It’s interesting to note that where spirits held 19.8% of Ireland’s drinks market in 2017, they crossed the 20% border for the first time in over a decade in 2018 driven by consumer demand for Irish whiskey and gin. Gin sales rocketed again last year, up by 31.8%, maintaining its position as the fastest-growing spirit in the domestic market.
But vodka remains Ireland’s favourite spirits drink at 34% of the spirits market here, up by 4.8% between 2017 and 2018.
Outside Ireland however the vodka picture may be changing.
“Vodka’s going through mixed fortunes around the world. It’s probably flat in Ireland and in the US – much of it is down with the exception of Tito’s Handmade which continues to do very well – the breakthrough brand that‘s broken all the rules.”
And in Ireland itself some things never change – like excise duty.
Excise not looking at the bigger picture
What can a Government realistically do to replace a €372.2 million cash cow like excise – a cash cow that’s grown up a little more from 2017’s figure of €353 million? How could it possibly consider letting this particular cow go through a 15% weight reduction?
“You’ve got to look at the bigger picture,” he responds, “What’s fair? What’s reasonable with a real eye on tourism?
“Are we really aligning ourselves with our European partners in Continental Europe? Our alcohol excise is four times that of Spain, three times that of Germany and significantly higher than the UK.
“It’s just unreasonable and unfair at present.
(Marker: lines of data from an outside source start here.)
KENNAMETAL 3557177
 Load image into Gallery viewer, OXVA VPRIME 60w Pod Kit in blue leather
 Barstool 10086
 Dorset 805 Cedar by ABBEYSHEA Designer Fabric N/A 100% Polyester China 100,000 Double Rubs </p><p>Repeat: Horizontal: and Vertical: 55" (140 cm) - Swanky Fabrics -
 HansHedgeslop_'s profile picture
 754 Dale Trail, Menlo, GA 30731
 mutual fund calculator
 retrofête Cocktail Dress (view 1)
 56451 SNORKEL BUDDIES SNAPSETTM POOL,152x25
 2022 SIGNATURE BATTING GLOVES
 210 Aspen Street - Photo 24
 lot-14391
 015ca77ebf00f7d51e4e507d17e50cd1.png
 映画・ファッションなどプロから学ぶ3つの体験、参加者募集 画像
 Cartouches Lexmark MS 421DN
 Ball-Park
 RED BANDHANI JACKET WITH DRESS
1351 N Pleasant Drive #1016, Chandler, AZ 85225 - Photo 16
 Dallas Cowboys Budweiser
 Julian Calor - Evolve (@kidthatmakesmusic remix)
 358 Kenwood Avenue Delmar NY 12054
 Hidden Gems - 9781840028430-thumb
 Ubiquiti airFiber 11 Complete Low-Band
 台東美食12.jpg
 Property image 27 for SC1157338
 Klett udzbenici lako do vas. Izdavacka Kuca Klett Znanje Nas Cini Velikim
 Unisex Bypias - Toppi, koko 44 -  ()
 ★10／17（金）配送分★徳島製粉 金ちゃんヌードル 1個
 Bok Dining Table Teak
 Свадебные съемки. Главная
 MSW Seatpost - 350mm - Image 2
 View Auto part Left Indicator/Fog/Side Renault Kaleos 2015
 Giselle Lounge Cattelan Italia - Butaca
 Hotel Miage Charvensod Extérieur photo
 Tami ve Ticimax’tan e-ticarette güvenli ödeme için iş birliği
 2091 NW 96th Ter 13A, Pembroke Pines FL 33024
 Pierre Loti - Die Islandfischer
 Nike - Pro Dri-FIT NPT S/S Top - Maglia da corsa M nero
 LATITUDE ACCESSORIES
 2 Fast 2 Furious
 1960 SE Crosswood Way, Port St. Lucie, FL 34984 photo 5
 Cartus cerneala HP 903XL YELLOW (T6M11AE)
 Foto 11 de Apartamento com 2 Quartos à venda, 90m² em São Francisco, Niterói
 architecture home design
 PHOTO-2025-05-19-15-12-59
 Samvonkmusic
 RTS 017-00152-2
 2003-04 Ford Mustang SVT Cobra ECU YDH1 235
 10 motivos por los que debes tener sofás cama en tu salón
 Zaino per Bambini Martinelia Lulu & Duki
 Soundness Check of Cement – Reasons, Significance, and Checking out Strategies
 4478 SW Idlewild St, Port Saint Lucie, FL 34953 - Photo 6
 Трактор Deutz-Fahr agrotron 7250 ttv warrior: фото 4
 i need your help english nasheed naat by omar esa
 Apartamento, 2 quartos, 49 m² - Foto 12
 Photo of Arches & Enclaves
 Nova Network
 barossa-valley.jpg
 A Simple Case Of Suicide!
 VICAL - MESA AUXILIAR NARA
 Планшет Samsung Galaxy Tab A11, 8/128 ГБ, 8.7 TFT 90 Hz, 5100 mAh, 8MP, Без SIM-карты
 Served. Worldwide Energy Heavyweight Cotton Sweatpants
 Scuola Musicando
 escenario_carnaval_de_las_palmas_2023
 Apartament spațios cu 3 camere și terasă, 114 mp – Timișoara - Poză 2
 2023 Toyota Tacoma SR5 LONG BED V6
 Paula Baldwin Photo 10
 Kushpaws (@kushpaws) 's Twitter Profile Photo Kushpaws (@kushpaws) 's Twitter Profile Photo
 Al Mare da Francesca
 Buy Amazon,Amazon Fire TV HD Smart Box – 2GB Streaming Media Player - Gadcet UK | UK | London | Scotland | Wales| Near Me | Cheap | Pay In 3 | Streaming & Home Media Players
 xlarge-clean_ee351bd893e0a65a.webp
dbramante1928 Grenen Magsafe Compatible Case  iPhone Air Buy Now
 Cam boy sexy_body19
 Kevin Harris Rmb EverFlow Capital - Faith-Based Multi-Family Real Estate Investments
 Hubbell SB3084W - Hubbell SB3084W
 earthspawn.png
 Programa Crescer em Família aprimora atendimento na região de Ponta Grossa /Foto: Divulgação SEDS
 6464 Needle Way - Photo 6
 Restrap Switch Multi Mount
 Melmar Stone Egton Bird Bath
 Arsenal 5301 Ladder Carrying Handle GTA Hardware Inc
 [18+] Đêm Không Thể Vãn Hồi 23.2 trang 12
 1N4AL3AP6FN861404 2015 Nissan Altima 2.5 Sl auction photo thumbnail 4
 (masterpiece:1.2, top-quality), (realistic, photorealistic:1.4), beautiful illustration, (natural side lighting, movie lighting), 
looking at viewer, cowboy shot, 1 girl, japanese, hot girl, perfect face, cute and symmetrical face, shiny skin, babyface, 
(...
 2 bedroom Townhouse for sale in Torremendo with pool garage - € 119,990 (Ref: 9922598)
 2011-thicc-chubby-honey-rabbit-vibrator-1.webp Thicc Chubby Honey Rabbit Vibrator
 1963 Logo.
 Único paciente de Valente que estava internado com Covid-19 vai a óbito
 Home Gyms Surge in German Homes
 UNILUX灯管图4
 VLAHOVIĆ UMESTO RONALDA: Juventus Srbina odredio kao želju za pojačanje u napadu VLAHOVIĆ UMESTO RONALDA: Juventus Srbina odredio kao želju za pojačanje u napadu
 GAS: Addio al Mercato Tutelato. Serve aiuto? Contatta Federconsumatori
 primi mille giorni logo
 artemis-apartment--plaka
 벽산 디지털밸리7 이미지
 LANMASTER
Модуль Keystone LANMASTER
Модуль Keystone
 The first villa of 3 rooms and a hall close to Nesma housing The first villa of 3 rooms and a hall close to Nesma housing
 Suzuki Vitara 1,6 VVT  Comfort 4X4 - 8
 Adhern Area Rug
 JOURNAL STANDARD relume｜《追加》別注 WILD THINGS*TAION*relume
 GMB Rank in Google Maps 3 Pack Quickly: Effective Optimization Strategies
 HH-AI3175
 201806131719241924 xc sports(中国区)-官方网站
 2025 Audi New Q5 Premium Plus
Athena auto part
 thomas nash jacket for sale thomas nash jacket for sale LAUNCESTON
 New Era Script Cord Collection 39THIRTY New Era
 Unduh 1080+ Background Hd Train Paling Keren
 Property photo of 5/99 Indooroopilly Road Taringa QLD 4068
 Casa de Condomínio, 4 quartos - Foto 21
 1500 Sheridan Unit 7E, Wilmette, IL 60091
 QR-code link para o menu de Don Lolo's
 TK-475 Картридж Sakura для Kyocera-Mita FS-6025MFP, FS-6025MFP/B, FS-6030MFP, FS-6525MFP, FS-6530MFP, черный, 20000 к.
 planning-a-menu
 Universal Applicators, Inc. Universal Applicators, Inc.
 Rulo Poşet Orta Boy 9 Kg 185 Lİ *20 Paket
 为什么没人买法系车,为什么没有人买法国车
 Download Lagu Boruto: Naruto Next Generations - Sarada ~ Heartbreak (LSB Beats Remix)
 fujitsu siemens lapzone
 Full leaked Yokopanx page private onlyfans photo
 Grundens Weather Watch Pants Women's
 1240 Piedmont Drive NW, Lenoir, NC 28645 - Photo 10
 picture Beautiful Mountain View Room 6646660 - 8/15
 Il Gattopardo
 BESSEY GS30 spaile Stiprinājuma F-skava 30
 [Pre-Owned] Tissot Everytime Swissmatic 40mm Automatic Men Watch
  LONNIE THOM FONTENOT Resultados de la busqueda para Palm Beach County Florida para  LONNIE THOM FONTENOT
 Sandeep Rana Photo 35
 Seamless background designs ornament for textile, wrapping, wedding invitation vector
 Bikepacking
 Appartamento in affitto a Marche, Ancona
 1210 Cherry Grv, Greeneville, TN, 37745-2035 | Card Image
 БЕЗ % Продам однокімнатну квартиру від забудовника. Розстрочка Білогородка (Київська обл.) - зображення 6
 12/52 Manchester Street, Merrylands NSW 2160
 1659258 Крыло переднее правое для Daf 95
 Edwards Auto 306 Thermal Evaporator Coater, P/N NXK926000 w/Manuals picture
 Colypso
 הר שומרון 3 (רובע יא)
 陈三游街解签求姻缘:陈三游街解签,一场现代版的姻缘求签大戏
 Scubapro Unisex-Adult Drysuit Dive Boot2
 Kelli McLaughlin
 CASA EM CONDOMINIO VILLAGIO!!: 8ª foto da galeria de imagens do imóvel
Also, with our burgeoning new distilleries, it’s important to build a strong home market and this level of excise and VAT combined makes it very difficult for emerging companies to do this.”
With most Irish spirits being purchased via the off-trade, only 25% of spirits by volume are purchased through the on-trade but the on-trade’s responsible for 58% of spirits sales by value. How can we encourage more on-trade sales?
“A key driver of increased spirits sales is developing cocktail and spirit drink lists with flair and discovery,” he believes, “Build events around these by inviting in the owners and/or suppliers.
“Also, feature brands on a monthly basis. Staff training and customer masterclasses should be ongoing – and work the premium end of the market with a spirits range having depth and variety.”
Finally, the serve: he exhorts mixologists to use a top class glass, real ice cubes, “… garnish it and serve it with interest and aplomb”.
“There’s great pride in our industry,” he concludes, “The vast majority of people – both consumers and people working in the industry – are proud of the craftsmanship and restoration of skills and long-lost traditions. I think it’s important that the government recognises this level of pride and affection for our brands by investing in rural setups like The Shed Distillery and others and supporting them.
“The level of pride and affection for our gin producers in creating jobs in rural Ireland, in pulling communities together around these ventures, might be better reflected by government going forward,” he suggests.
It remains to be seen whether our new government will see it this way or whether Pat’s will remain but a pipe dream.